The general objective of the *Toccata* project is to promote formal
specification and computer-assisted proof in the development of
software that requires a high assurance of its safety and its
correctness with respect to its intended behavior.

#### State of the Art of Program Verification

The importance of software in critical systems increased a lot in the last decade. Such a software appears in various application domains like transportation (e.g. airplanes, railway), communication (e.g. smart phones) or banking. The set of available features is quickly increasing, together with the number of lines of codes involved. Given the need of high assurance of safety in the functional behavior of such applications, the need for automated (i.e. computer-assisted) methods and techniques to bring guarantee of safety became a major challenge. In the past, the main process to check safety of a software was to apply heavy test campaigns, which take a large part of the costs of software development.

This is why *static analysis* techniques were invented to complement
tests. The general aim is to analyze a program code without executing
it, to get as much guarantees as possible on all possible executions
at once. The main classes of static analysis techniques are:

*Abstract Interpretation*: it approximates program execution by abstracting program states into well-chosen abstraction domains. The reachable abstract states are then analyzed in order to detect possible mistakes, corresponding to abstract states that should not occur. The efficiency of this approach relies on the quality of the approximation: if it is too coarse, false positives will appear, which the user needs to analyze manually to determine if the error is real or not. A major success of this kind of approach is the verification of absence of run-time errors in the control-command software of the Airbus A380 by the tool*Astrée*[77] .*Model-checking*: it denotes a class of approaches that got a great success in industry, e.g. the quality of device drivers of Microsoft's Windows operating system increased a lot by systematic application of such an approach [76] . A program is abstracted into a finite graph representing an approximation of its execution. Functional properties expected for the execution can be expressed using formal logic (typically temporal logic) that can be checked valid by an exploration of the graph. The major issue of model-checking is that the size of the graph can get very large. Moreover, to get less coarse approximations, one may be interested in abstracting a program into an infinite graph. In that case, extensions of model-checking are proposed: bounded model-checking, symbolic model-checking, etc.*Predicate Abstraction*is also a rather successful kind of model-checking approach because of its ability of getting iteratively refined to suppress false positives [48] .*Deductive verification*: it differs from the other approaches in that it does not approximate program execution. It originates from the well-known*Hoare logic*approach.
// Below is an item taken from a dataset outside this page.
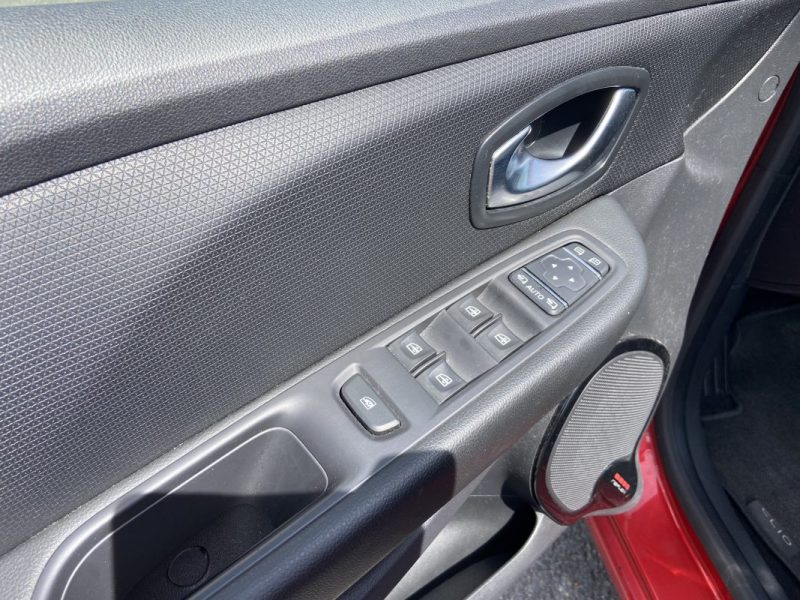 RENAULT CLIO 1.5 DCI 90 INTENS BVA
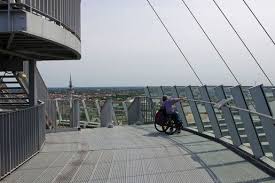 Mit Dem Rollstuhl Auf Der Aussichtsplattform Sail City Aussichtsplattform Bremerhaven Hochste Gebaude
Programs are formally specified using expressive logic languages, and mathematical methods are applied to formally prove that a program meets its specification.

The *Toccata* project is mainly interested in exploring the deductive
verification approach, although we believe that the class of approaches
above are compatible. We indeed have studied some way to
combine approaches in the
past [10] [87] [24] .

#### Deductive Program Verification nowadays

In the past decade, there have been significant progress made in the
domain of deductive program verification. They are emphasized by some
success stories of application of these techniques on industrial-scale
software, e.g. the *Atelier B* system was used to develop part of
the embedded software of the Paris metro line 14 [56] and
other railroad-related systems, a formally proved C compiler was
developed using the *Coq* proof assistant [92] , Microsoft's
hypervisor for highly secure virtualization was verified using
VCC [78] and the Z3 prover [110] , the
L4-verified project developed a formally verified micro-kernel with
high security guarantees, using analysis tools on top of the
Isabelle/HOL proof assistant [89] . Another sign of
recent progress is the emergence of deductive verification
competitions.

In the deductive verification context, there are two main families of
approaches. Methods in the first family build on top of mathematical
proof assistants (e.g. Coq, Isabelle) in which both the models and the
programs are encoded, and the proofs that a program meets its
specification is typically conducted in an interactive way using the
underlying proof construction engine. Methods from the second family
proceed by the design of standalone tools taking as input a program in
a particular programming language (e.g. C, Java) specified with a
dedicated annotation language (e.g. ACSL [55] ,
JML [67] ) and automatically producing a set of
mathematical formulas (the *verification conditions*) which are
typically proved using automatic provers (e.g. Z3,
*Alt-Ergo* [57] , CVC3 [53] ). The first
family of approaches usually offers a higher level of assurance than
the second, but also demands more work to perform the proofs (because
of their interactive nature) and makes them less easy to adopt by
industry. Moreover they do not allow to directly analyze a program
written in a mainstream programming language like Java or C. The
second kind of approaches has benefited in the past years from the
tremendous progresses made in SAT and SMT solving techniques, allowing
more impact on industrial practices, but suffers from a lower level of
trust: in all parts of the proof chain (the model of the input
programming language, the VC generator, the back-end automatic prover)
potential errors may appear, compromising the guarantee offered. They
can be applied to mainstream languages, but usually only a subset of
them is supported. Finally, recent trends in the industrial practice
for development of critical software is to require more and more
guarantees of safety, e.g. the upcoming DO-178C standard for
developing avionics software adds to the former DO-178B the use of
formal models and formal methods. It also emphasizes the need for
certification of the analysis tools involved in the process.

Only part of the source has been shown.